On Mon, 26 Feb 2018, Yang Shi wrote:

> > Rather than killable, we have patches that introduce down_read_unfair()
> > variants for the files you've modified (cmdline and environ) as well as
> > others (maps, numa_maps, smaps).
> 
> You mean you have such functionality used by google internally?
> 

Yup, see https://lwn.net/Articles/387720.
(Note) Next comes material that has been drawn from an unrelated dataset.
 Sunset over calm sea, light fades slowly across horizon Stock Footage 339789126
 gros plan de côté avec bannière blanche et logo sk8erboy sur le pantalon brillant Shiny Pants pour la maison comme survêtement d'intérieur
> > When another thread is holding down_read() and there are queued
> > down_write()'s, down_read_unfair() allows for grabbing the rwsem without
> > queueing for it.  Additionally, when another thread is holding
> > down_write(), down_read_unfair() allows for queueing in front of other
> > threads trying to grab it for write as well.
> 
> It sounds the __unfair variant make the caller have chance to jump the gun to
> grab the semaphore before other waiters, right? But when a process holds the
> semaphore, i.e. mmap_sem, for a long time, it still has to sleep in
> uninterruptible state, right?
> 

Right, it's solving two separate things which I think may be able to be 
merged together.  Killable is solving an issue where the rwsem is blocking 
for a long period of time in uninterruptible sleep, and unfair is solving 
an issue where reading the procfs files gets stalled for a long period of 
time.  We haven't run into an issue (yet) where killable would have solved 
it; we just have the unfair variants to grab the rwsem asap and then, if 
killable, gracefully return.

> > Ingo would know more about whether a variant like that in upstream Linux
> > would be acceptable.
> > 
> > Would you be interested in unfair variants instead of only addressing
> > killable?
> 
> Yes, I'm although it still looks overkilling to me for reading /proc.
> 

We make certain inferences on the readablility of procfs files for other 
threads to determine how much its mm's mmap_sem is contended.